Алый, чарующе алый цвет рубахи сидящего на фоне окна Спасителя греховно совпал в ее памяти с иным красным. С каплями собственной крови на мраморном полу феррарского собора. И она вспомнила юношу-подмастерье.

Кто объяснит, почему она не помнила всех случившихся в ее жизни герцогов и королей, могущественных пап и принцев крови, но сохранила в памяти того мальчика.

Она, двенадцатилетняя, с отцом и братом Альфонсо приехала в только что построенный собор, подняла голову вверх и замерла. Хрупкий юноша парил в воздухе. То есть парил он в специально сконструированной для росписи купола люльке, но ей показалось, что юноша, как небожитель, парит прямо в этом теплом, льющемся из окон купола свете. Парит в свете и рисует свет.

Прежде Изабелла не задумывалась, можно ли свет – это великое ничто! – нарисовать. Не подобно ли это кощунственное намерение желанию солнечный зайчик гвоздями к стене прибить – чтоб не исчез. Солнце уйдет, солнечный зайчик погаснет и лишь гвоздь в стене останется. Не так ли с нарисованным светом? Когда схлынет очарование, не останутся ли от света лишь облупившиеся, чуть выцветшие краски.

Она глядела вверх и чувствовала, как по руслу золоченого свечения свет бурным потоком идет от купола, на который проливает его этот мальчик-подмастерье. Свет обволакивает, и купает, и наполняет ее существо столь бесконечно и беспредельно, что не оставляет места ничему иному. Разве что странному головокружению и непривычной вязкой боли внизу живота. И алым пятнам, что метят каждый ее шаг на мраморном полу собора.

Кровь ее стынущими каплями остается там, где должен быть только Бог. Спустившийся из своей небесной люльки юноша изумленно глядит на алые капли на сером мраморе. И не может дождаться мига, когда удалится герцогская семья, чтобы кистью собрать не успевшую засохнуть кровь. А после день за днем, ночь за ночью, отчаиваясь и снова обретая надежду, пытаться из оставшихся на его палитре оттенков красного и алого составить хоть что-то подобное…

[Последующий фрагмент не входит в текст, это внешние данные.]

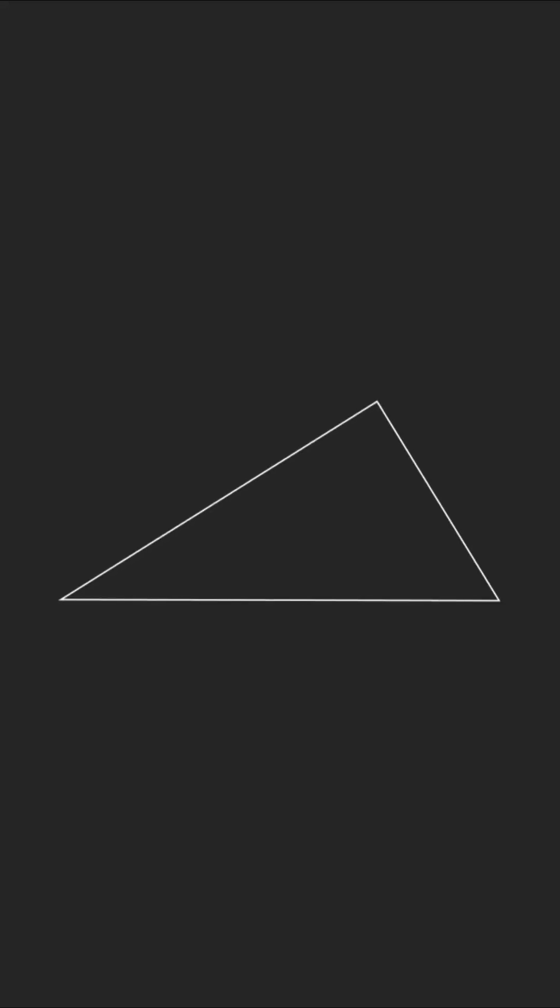Consider a right triangle whose hypotenuse is one unit length, placed in such a way that its hypotenuse lies horizontally, and let theta be an angle.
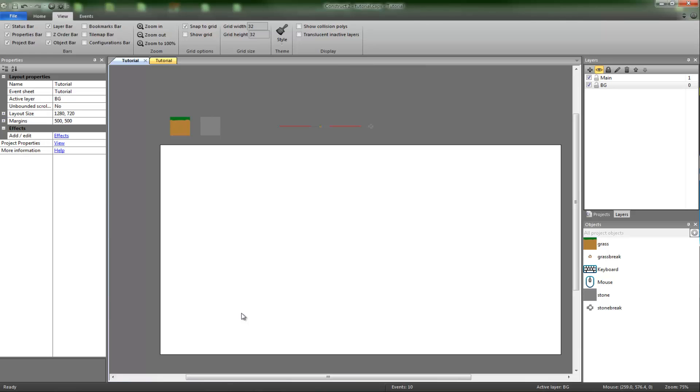Okay, so welcome back to another Construct 2 tutorial. Today I've got a block creating and destroying mechanism.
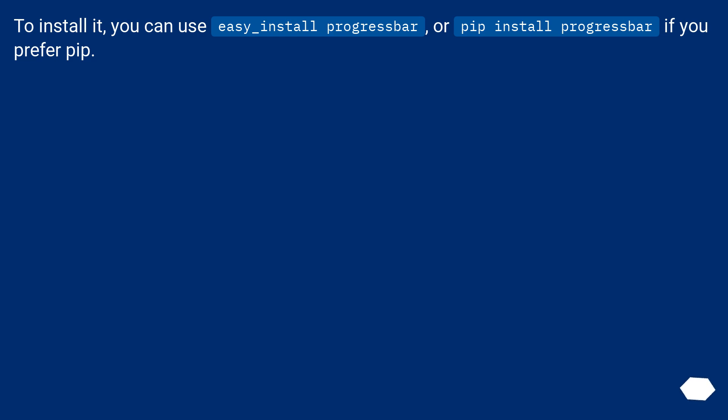To install it, you can use easy_install progressbar, or pip install progressbar if you prefer pip.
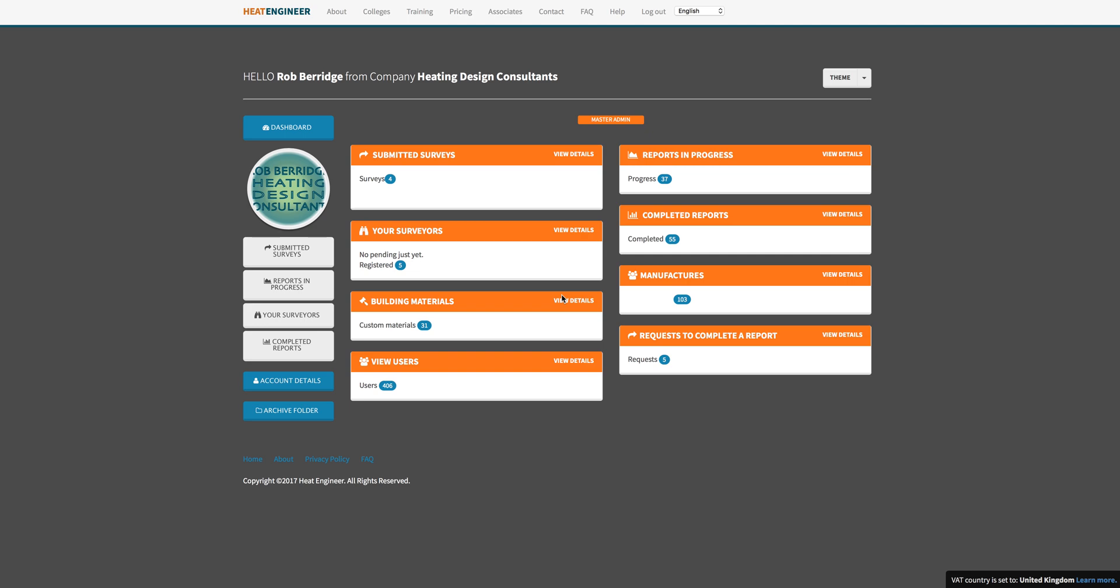Hi everybody, it's Rob here from heatengineer.com. Just got another training video of a new tool that we've had out for a couple of weeks now. A few people have asked if we could do a video on it. It's basically our radiator sizing tool, which is synonymous with real problems, especially now that we're all trying to go down to lower temperature systems, with lower flow and return temperatures.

– Ты стала девушкой, Изабелла, – сказала ей в тот вечер кормилица Асунта.

И она удивилась. Разве бывают такие совпадения – она стала девушкой в миг, когда в ее сердце впервые вошла любовь. Любовь безнадежная и отчаянная (разве юная герцогиня может любить нищего ученика придворного художника, годовое жалованье которого десять флоринов, тогда как ее последнее платье из крапчатого бархата обошлось в семьдесят пять флоринов и еще тридцать стоили три серебряных пояса?!).

– Это бывает с каждой, – объяснила кормилица, показывая, как в такие дни прятать под платьем завернутые вокруг шнура на талии штанишки, подобные мужским штанам брэ. – Странно, что Господь избрал для этого таинства такое место, и своей девственной кровью ты окропила камни нового храма. К добру ли?

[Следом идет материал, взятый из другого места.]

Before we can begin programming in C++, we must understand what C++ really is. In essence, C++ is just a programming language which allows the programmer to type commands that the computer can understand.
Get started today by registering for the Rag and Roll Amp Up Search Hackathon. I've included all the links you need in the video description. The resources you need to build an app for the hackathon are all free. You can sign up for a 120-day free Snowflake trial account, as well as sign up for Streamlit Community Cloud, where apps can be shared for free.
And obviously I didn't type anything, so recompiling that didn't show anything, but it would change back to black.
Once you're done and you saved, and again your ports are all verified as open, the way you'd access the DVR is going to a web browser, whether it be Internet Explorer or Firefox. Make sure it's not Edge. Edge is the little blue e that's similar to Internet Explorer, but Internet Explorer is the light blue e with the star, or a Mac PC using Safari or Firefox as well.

Научив, как не путаться в странной вязи непривычной ее ногам и лобку впитывающей кровь ткани, которую следует закладывать в штанишки, кормилица сказала, что такое будет случаться с ней каждые четыре недели, пока она, став женщиной, не понесет. Тогда девять месяцев, пока младенец будет расти в ее утробе, эта кровь будет оставаться внутри нее, становясь небесной постелью для растущей в ней жизни. А пока постель не нужна, природа каждый месяц меняет ее алые простыни.

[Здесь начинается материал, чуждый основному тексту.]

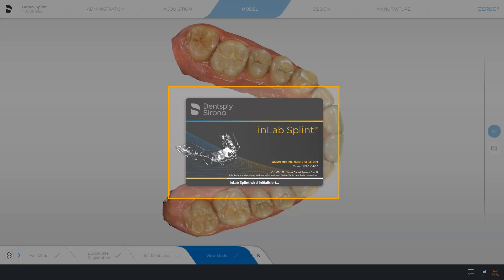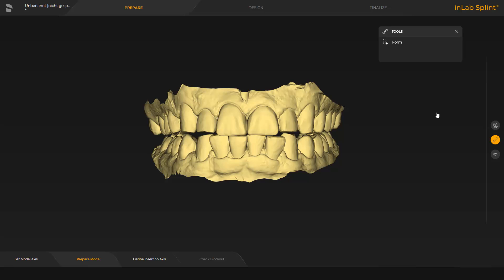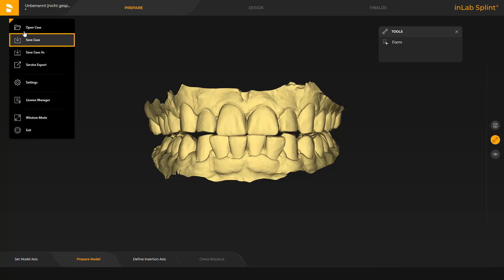The corresponding app opens automatically, and the case is already open. First, we tap the Dentsply Sirona icon in the upper left corner and save the case.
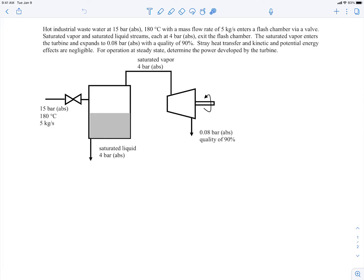We have hot industrial wastewater at 15 bar and 180 degrees C coming in with a mass flow rate of 5 kilograms per second. It enters a flash chamber where the water very rapidly becomes a saturated liquid at the bottom and saturated vapor at the top, both at 4 bars. The saturated liquid is drained off at the bottom, and the saturated vapor continues on into a turbine to generate some power.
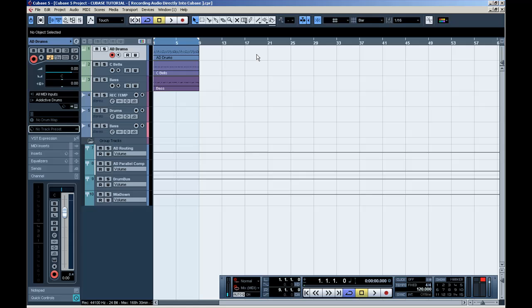Hi! In this tutorial, I'm going to show you guys how to record audio data directly into your Cubase project.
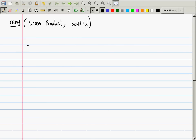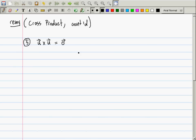The last thing I said was property number five of the cross product: U cross U. In the case of the scalar product, U dot U was the length of U squared. So U cross U is the zero vector. That's interesting — we're going to see why in just a minute. This is for all U, not just the zero vector. So if you take some really long vector and you cross it with itself, you get zero every time.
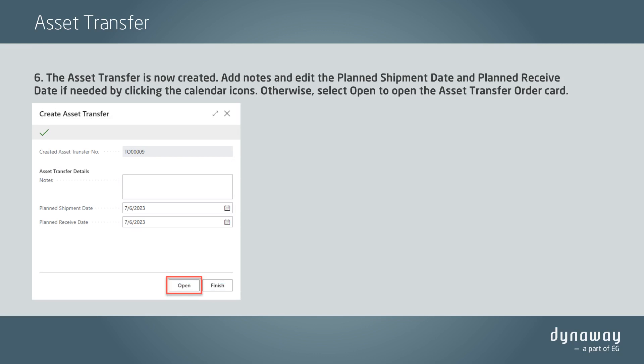Add notes and edit the planned shipment date and planned receipt date if needed by clicking the calendar icons. Otherwise, select Open to open the Asset Transfer Order card.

Спустя несколько дней, когда капли крови с мягкой ткани исчезли и она сбросила стесняющие движение штанишки, с радостью ощущая привычный ветер между ног, Изабелла снова пробралась в тот собор. Нанятый отцом художник болел, и юноша-подмастерье, закончив писать порученный ему свет, спросил дозволения расписать мантию небесного героя. У мантии, горящей на фоне почти мраморного – как пол собора – воздуха, был тот ни с чем не сравнимый стремительно-алый цвет. Цвет жизни, что в тот первый день их встречи сказала, что готова зародиться в ней.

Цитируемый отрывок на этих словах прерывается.